According to the Dawn, the US continues to identify Pakistan as a country of vital importance for US foreign policy and national interests. The leading Pakistani newspaper cited diplomatic sources in Washington to say the request has been virtually approved.
Pakistan had submitted its request last year, stating that the weapons were needed for fighting insurgents in the country's mountainous regions. The US Defence Security Cooperation Agency delivered the required certification notifying Congress of this possible sale.
''This proposed sale will contribute to the foreign policy and national security of the United States by helping to improve the security of a country vital to US foreign policy and national security goals in South Asia,'' the certification said.
''This proposed sale of helicopters and weapon systems will provide Pakistan with military capabilities in support of its counter-terrorism and counter-insurgency operations in South Asia,'' it added.
The agency informed US lawmakers that this proposed sale would provide Pakistan with ''a precision strike, enhanced survivability aircraft'' that it can operate at high-altitudes.
''By acquiring this capability, Pakistan will enhance its ability to conduct operations in North Waziristan, Fata, and other remote and mountainous areas in all-weather, day-and-night environments. Pakistan will have no difficulty absorbing these helicopters into its armed forces,'' the certification said.
The agency also assured US lawmakers that the proposed sale ''will not alter the basic military balance in the region''.
It informed Congress that the State Department had approved this possible Foreign Military Sale to Pakistan for AH-1Z Viper Attack Helicopters and AGM-114R Hellfire II Missiles and associated equipment, parts, training and logistical support for an estimated cost of $952 million.

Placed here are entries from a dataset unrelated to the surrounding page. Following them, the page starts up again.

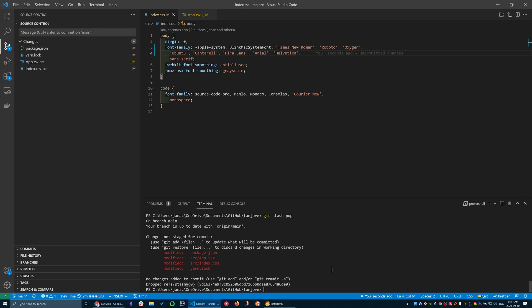So this is very powerful, and this becomes very useful, especially when you want to merge other changes from other branches onto your current local branch. We'll see that in the next video.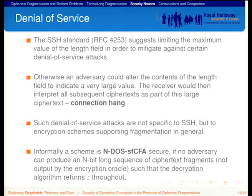Such denial-of-service attacks are not specific to SSH but arise in general when we consider ciphertext fragmentation. We define a scheme as DoS-secure if no adversary can produce an unboundedly long sequence of ciphertext fragments — not previously output by the encryption algorithm — such that the decryption algorithm returns the empty string throughout.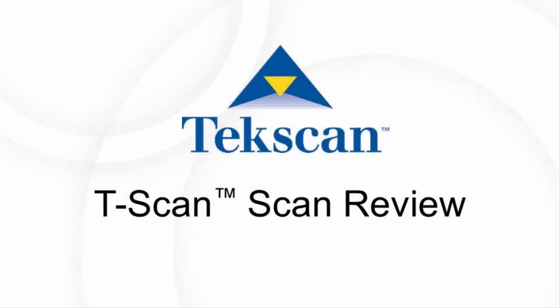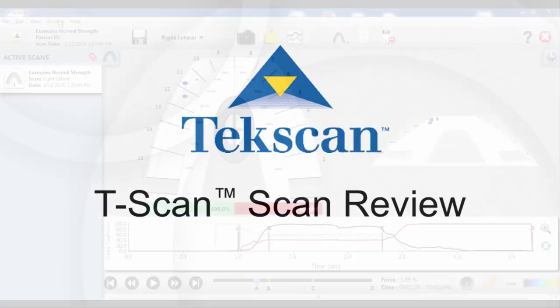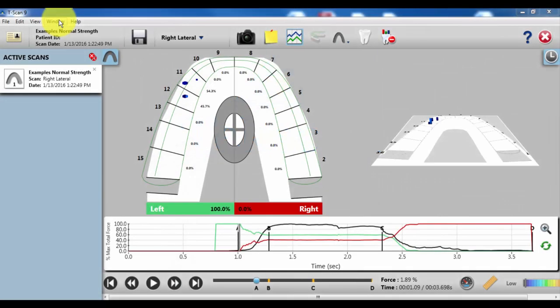All right, in this training demonstration we're going to go through a closure for balance and then additionally the scan we're looking at has a right lateral excursion attached to it. We'll focus on what to look for during excursions to help us make good adjustment decisions.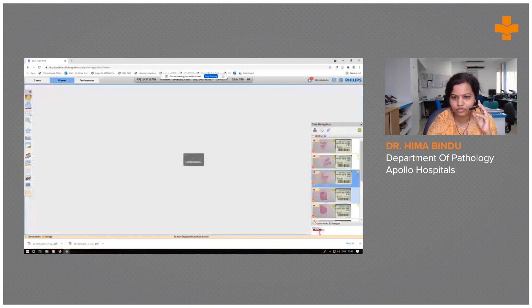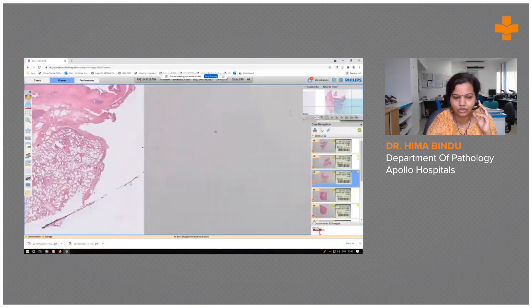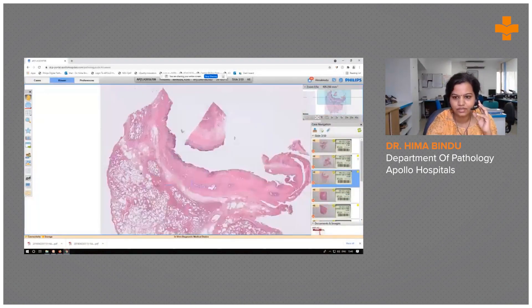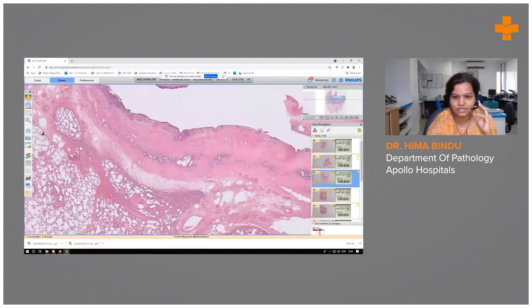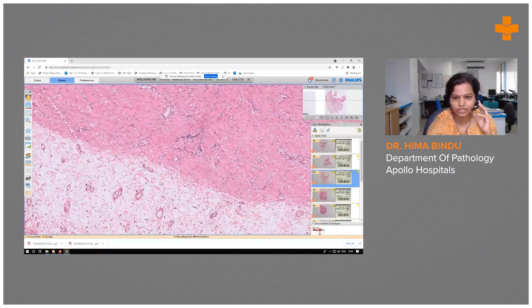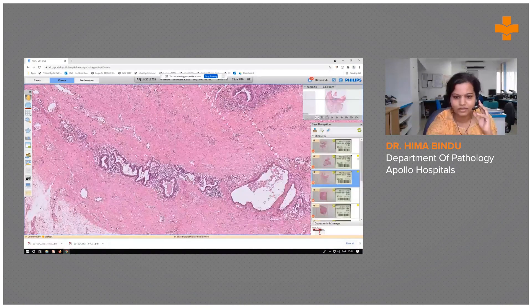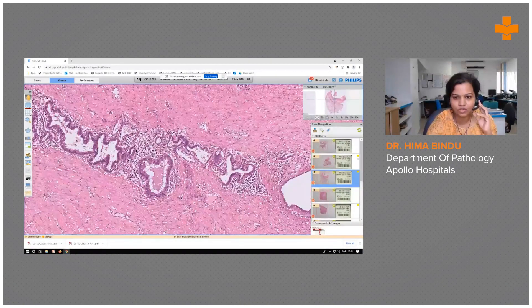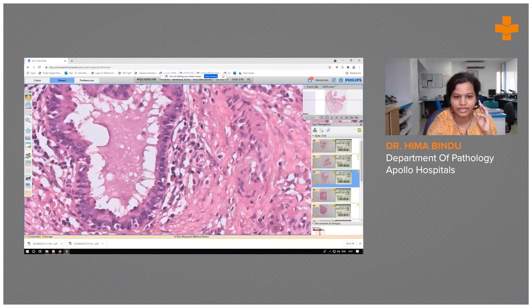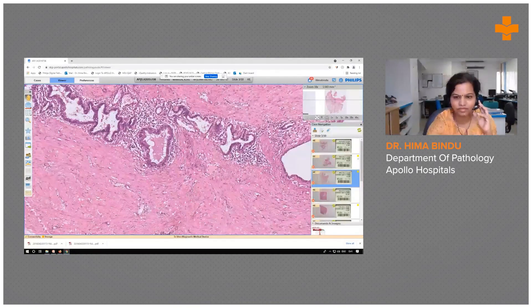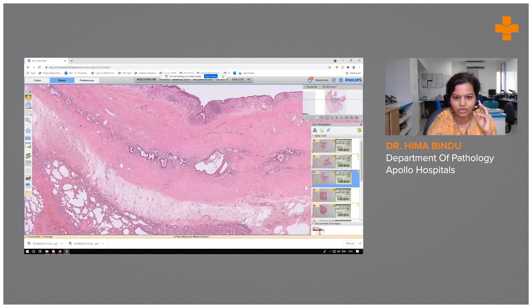Other foci of the cyst showed a smaller cyst within the cyst wall, which gives us a clue to the diagnosis. This smallest cyst in the cyst wall has a similar lining epithelium surrounded by mild inflammation within a dense fibrocollagenous cyst wall.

The notification said the government of Pakistan had requested a possible sale of 15 AH-1Z Viper Attack Helicopters, 32 T-700 GE 401C Engines (30 installed and 2 spares), 1000 AGM-114 R Hellfire II Missiles in containers, 36 H-1 Technical Refresh Mission computers, 17 AN/AAQ-30 Target Sight Systems, 30 629F-23 Ultra High Frequency/Very High Frequency Communication Systems, 19 H-764 Embedded Global Positioning System/Inertial Navigation Systems, 32 Helmet Mounted Display / Optimized Top Owl, 17 APX-117A Identification Friend or Foe, 17 AN/AAR-47 Missile Warning Systems, 17 AN/ALE-47 Counter-measure Dispenser Sets, 18 AN/APR-39C(V)2 Radar Warning Receivers, 15 Joint Mission Planning Systems, and 17 M197 20mm Gun Systems.
Also included are system integration and testing, software development and integration, aircraft ferry, support equipment, spare and repair parts, tools and test equipment, publications and technical documentation, personnel training and training equipment, US government and contractor engineering, technical, and logistics support services, and other related elements of logistics and programme support.

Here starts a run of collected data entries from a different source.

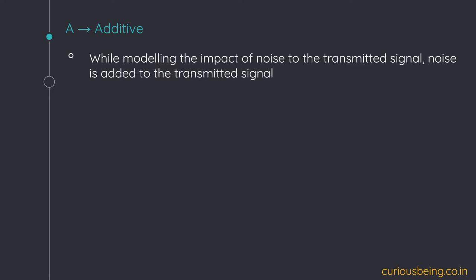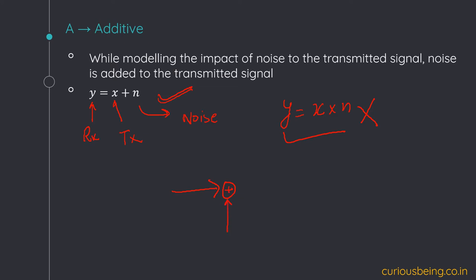Additive: while modeling the impact of noise on the transmitted signal, noise is added to the transmitted signal. For example: y is the received signal, x is the signal we transmitted, and n is noise. By 'additive' we mean we are not multiplying the noise with the transmitted signal — we are actually adding the noise to the transmitted signal. So if I model it: x plus noise equals y, the received signal.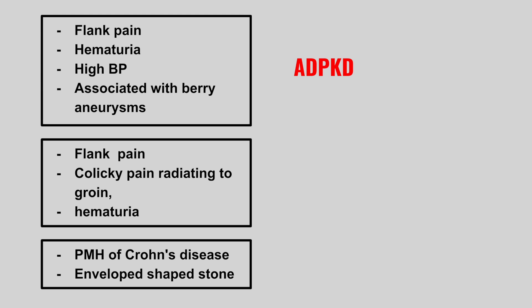Next we have a patient with flank pain, colicky pain radiating to the groin, and hematuria. This is nephrolithiasis, also known as kidney stones.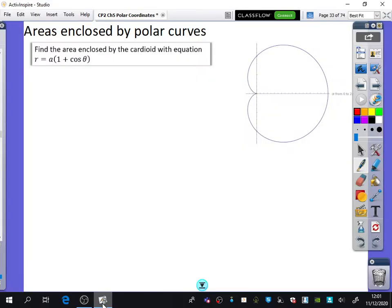We're going to start off by doing areas enclosed by polar curves. We're just doing a single polar curve, and we're going to try and find the area that we have here. It wants us to find the area enclosed by this cardioid with the equation R equals A(1 + cos θ). A is just a constant — it's going to be hanging out for the whole time.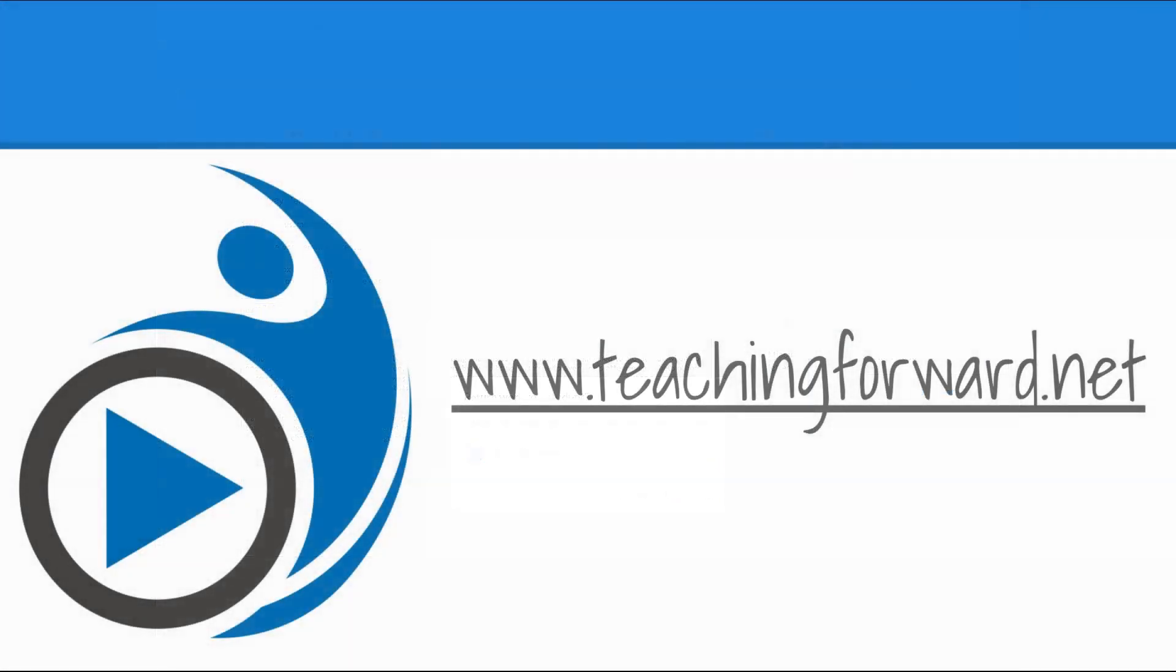Thanks for watching! For more help with technology in your classroom, check us out online at teachingforward.net.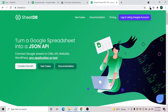Hi guys, welcome to Try No Code. In today's session we'll talk about how we can read and write data from Google Sheet. It's pretty simple and it can be done within five minutes with the help of SheetDB. SheetDB is an open source application which allows you to connect Google Sheet with any application. We will be using Bubble, Google Sheet, and SheetDB to connect with each other.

The agency informed Congress that implementation of this proposed sale will require multiple trips by US government and contractor representatives to participate in programme and technical reviews, as well as training and maintenance support in the country for a period of 66 months.
It will also require three contractor representatives to reside in the country for a period of three years to support this programme.
''There will be no adverse impact on US defence readiness as a result of this proposed sale,'' the certification said.
''The State Department approved a possible foreign military sale to Pakistan for helicopters and associated equipment, parts and support for an estimated cost of $952 million,'' a State Department official told Dawn.
''This proposed sale of helicopters and weapon systems will provide Pakistan with military capabilities in support of its counter-terrorism and counter-insurgency operations,'' the official said.